Your suggestion about using a null model is similar to \$R^2\$. \$R^2\$ is defined as \$1-MSE/V\$, where \$MSE\$ is the model's mean squared error and \$V\$ is the variance of the observed output. You can think of the variance as the mean squared error of a null model that always gives the mean as its predicted output. Even here, the question is: how much better can you do? This is very hard to answer. The reason is that it's hard to know whether the error reflects variation in the output that's fundamentally unpredictable from the input (e.g. 'noise', but could be something else), or whether additional structure is present that the model has simply failed to capture. Sometimes looking at the residuals can give a hint. Under some circumstances, it's possible to estimate the 'noise' level. For example, if you have many repeated trials where inputs are identical, you can measure variability of the output for equal inputs. This gives a bound on the maximum possible performance. You would typically encounter this situation in the context of controlled experiments. Or, you may be able to do something similar if you have access to a known 'correct model' (e.g. in a theoretical setting, or if you're modeling a well understood physical system). Otherwise, it's hard to know whether there's a better model out there.

Looking at the training vs. test error can give you some idea about the extent to which your model is overfitting (the expected training error would be lower than the expected test error).
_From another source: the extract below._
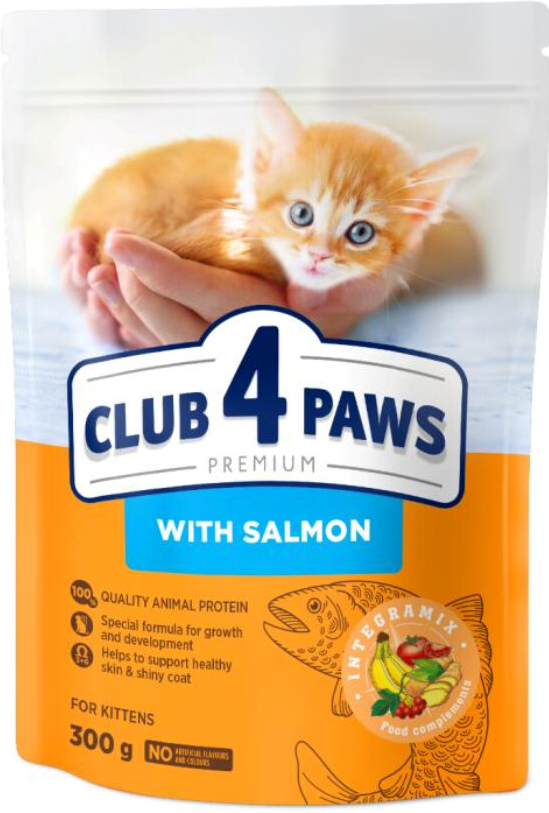 Club 4 Paws Suché krmivo pro koťata S lososem 0,3 kg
There can be variability here when using a small number of samples and/or few repetitions. A gap between training and test error isn't a problem per se, but a large gap might signal a problem. Even so...one model that overfits might still have better generalization performance than another model that doesn't.

Instead of asking how good your model is, you can also ask how bad it is. You could use a significance testing approach to see whether your prediction is better than 'chance'. For example, you might compare the test error on real data to the test error on permuted data (where relationships between the input/output have been destroyed, and any apparent performance is due to sampling variability or overfitting).